= TASK BRIEF =
If a line below falls between the line with "Chiave spanner chrome - chiave, mm" and the line with "120 Estoria St Se #1 - Photo 6 of 10", or is one of those two, output it exactly; output nothing else and no pictures.

= RECORDS SHOWN =

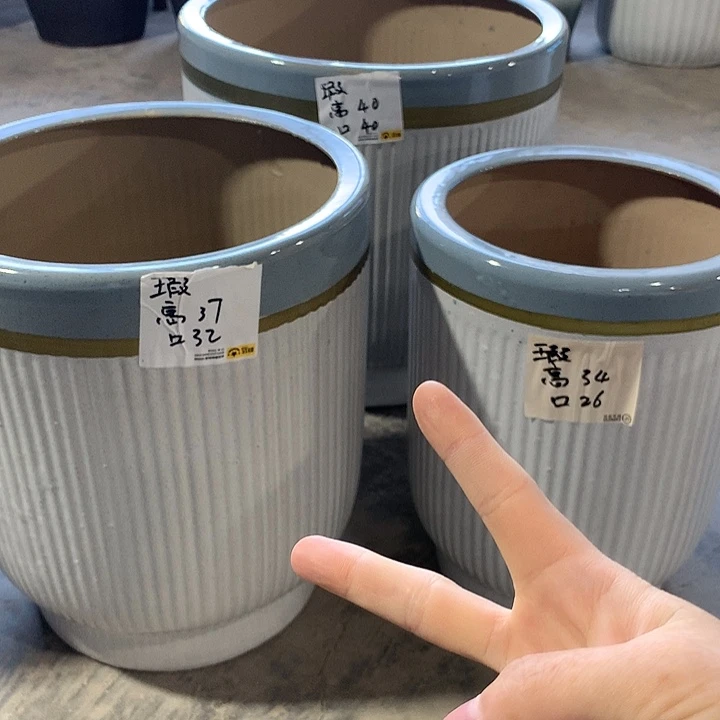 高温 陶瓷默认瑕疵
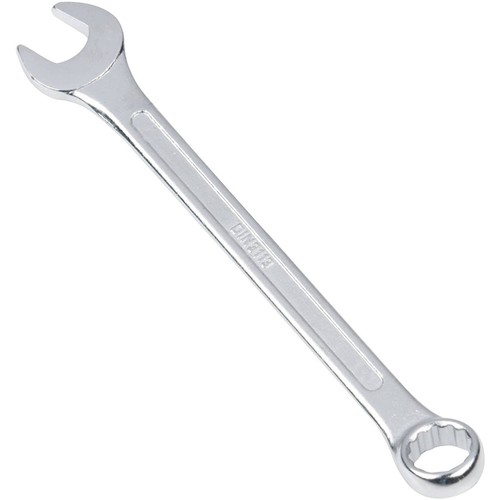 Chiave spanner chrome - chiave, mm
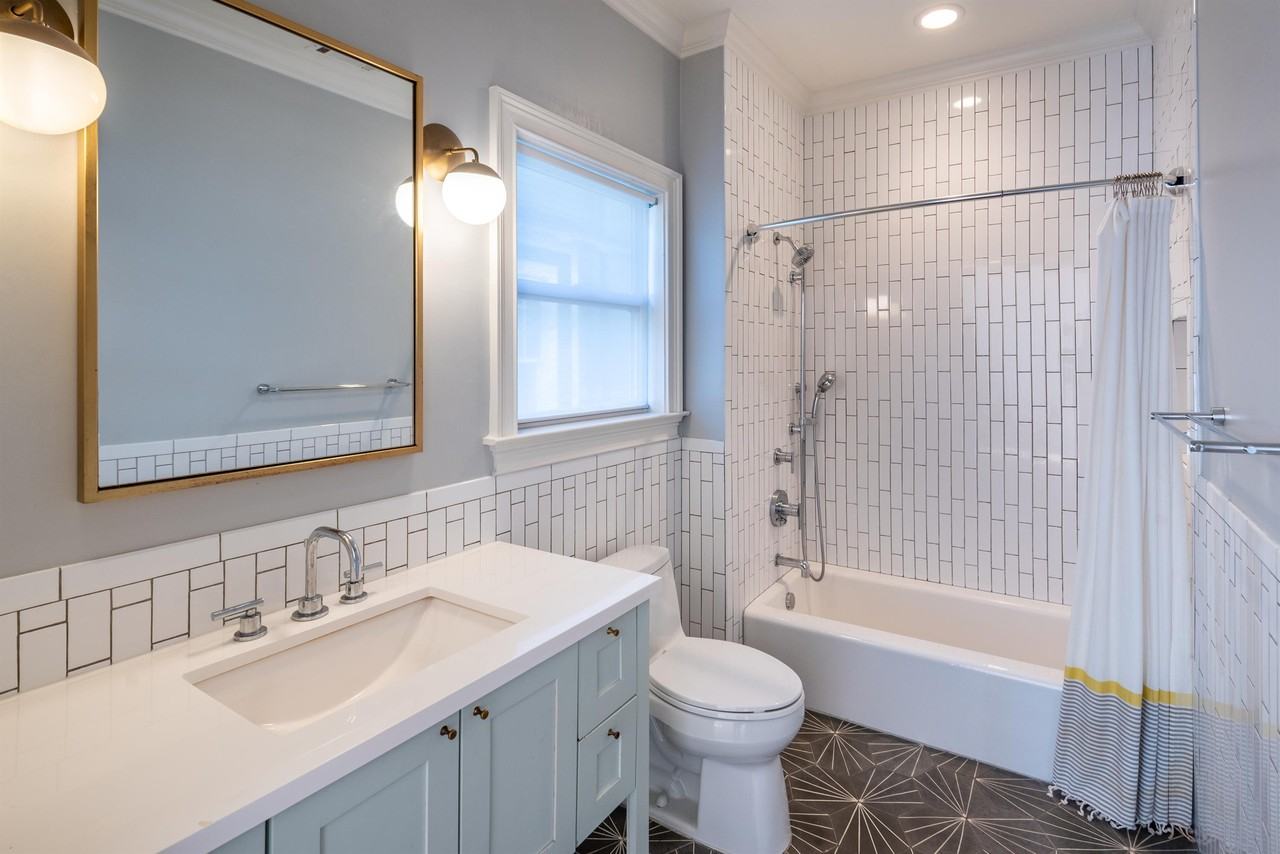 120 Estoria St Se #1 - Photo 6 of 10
...
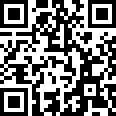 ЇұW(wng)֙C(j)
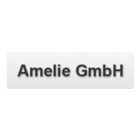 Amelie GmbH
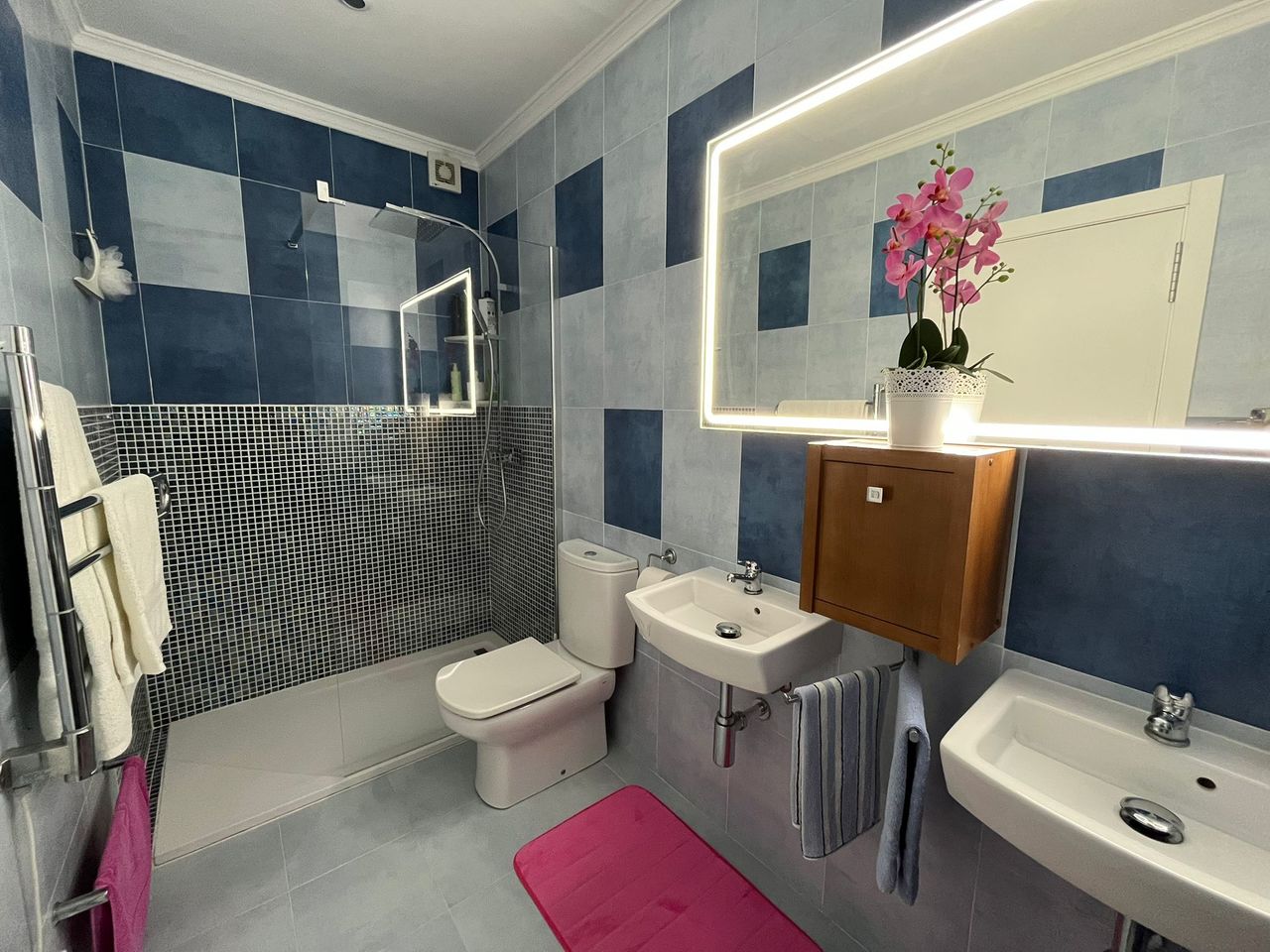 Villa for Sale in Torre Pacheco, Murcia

= TASK OUTPUT =
 Chiave spanner chrome - chiave, mm
 120 Estoria St Se #1 - Photo 6 of 10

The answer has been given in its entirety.